Na análise, foram identificadas mais de 5 mil hospitalizações por SGB de 2023 para 2024, sendo que 89 ocorreram logo após o paciente apresentar sintomas da dengue.
Os pesquisadores ressaltam a urgência de que gestores de saúde pública incluam a SGB como complicação pós-dengue nos protocolos de vigilância.
“Durante surtos de dengue, sistemas de saúde devem ser preparados para identificar precocemente casos de fraqueza muscular e dispor de leitos de UTI e suporte ventilatório. Estratégias de vigilância ativa de SGB devem ser acionadas nas semanas seguintes ao pico de casos de dengue”, alertam os pesquisadores.
Segundo a Fiocruz, o levantamento também auxilia profissionais médicos, enfermeiros e neurologistas a suspeitar de SGB em pacientes com histórico recente de dengue (últimas seis semanas) que apresentem fraqueza nas pernas ou formigamento.
Os autores do estudo enfatizam que o diagnóstico precoce é fundamental, pois o tratamento (imunoglobulina ou plasmaférese) é mais eficaz quando iniciado rapidamente.
“Também é importante incentivar a notificação dos casos de SGB pós-dengue ou informar a vigilância epidemiológica municipal/estadual sobre a ocorrência de doença neuro-invasiva por arbovírus”, defendem.
Atualmente, não há tratamento antiviral específico para a dengue, e o manejo é baseado em hidratação e suporte clínico. Por isso, os pesquisadores destacam que a prevenção, especialmente o combate ao mosquito Aedes aegypti e a vacinação, continua sendo a medida mais eficaz.
A vacinação contra a dengue pode reduzir drasticamente o número de casos e, consequentemente, o número absoluto de complicações graves como a SGB.
“Enquanto não tivermos um tratamento antiviral eficaz contra a dengue, a prevenção continua sendo a melhor estratégia. Nosso estudo reforça que evitar a infecção evita também complicações como esse tipo de paralisia potencialmente grave”, afirmam os autores.

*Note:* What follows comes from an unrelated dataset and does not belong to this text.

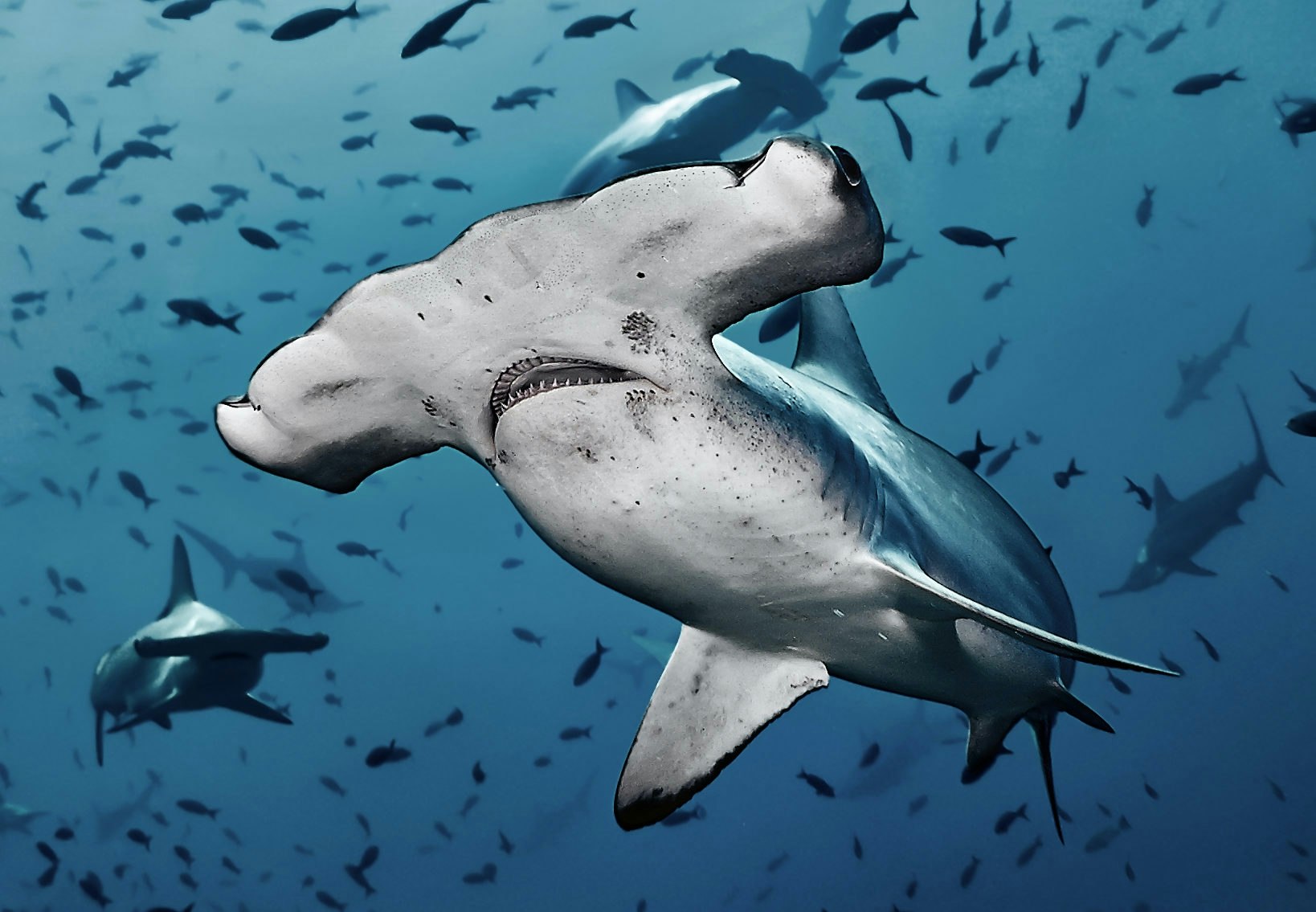 Aseksuaalit Elaimet Lisaantyvat Omin Pain Tieku Fi Aseksuaalit Elaimet Lisaantyvat Omin Pain Tieku Fi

Na avaliação da Fiocruz, o Brasil enfrenta epidemias frequentes de dengue. Em 2024, o país ultrapassou 6 milhões de casos prováveis. Isso significa que, mesmo sendo uma complicação rara, o número absoluto de pessoas que podem desenvolver SGB após dengue é significativo e exige preparo do sistema de saúde.
O estudo também aponta que a relação entre arboviroses (doenças transmitidas por mosquitos) e complicações neurológicas já havia sido demonstrada de forma marcante durante a epidemia de Zika em 2015 e 2016, quando o vírus foi associado à microcefalia em bebês e a um aumento expressivo de casos de SGB em adultos. A dengue pertence à mesma família do Zika.

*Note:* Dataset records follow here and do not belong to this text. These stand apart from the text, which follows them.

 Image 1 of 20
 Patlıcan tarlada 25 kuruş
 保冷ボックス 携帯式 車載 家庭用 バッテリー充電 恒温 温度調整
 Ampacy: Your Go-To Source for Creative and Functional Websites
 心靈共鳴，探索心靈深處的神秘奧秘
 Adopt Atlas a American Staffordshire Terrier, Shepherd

A SGB é uma condição neurológica rara em que o próprio sistema imunológico ataca os nervos periféricos, que conectam o cérebro e a medula espinhal ao resto do corpo.

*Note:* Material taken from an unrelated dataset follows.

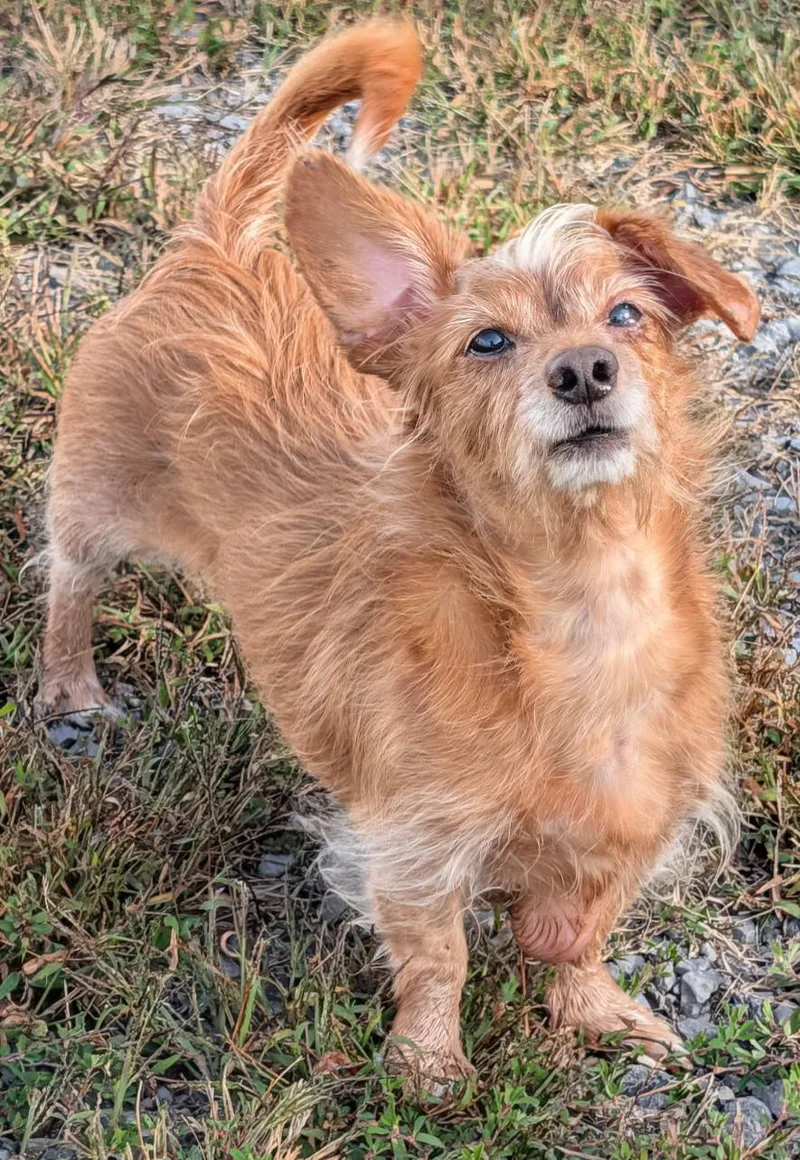 Toby in TN thumbnail 4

O resultado é uma fraqueza muscular que geralmente começa nas pernas e pode se espalhar para os braços, o rosto e, em casos graves, dificultar a respiração. Nessas situações, o paciente pode ficar completamente paralisado e necessitar de ajuda de aparelhos para respirar.
A maioria das pessoas se recupera, mas o processo pode levar meses ou até anos, e alguns pacientes podem ficar com sequelas permanentes.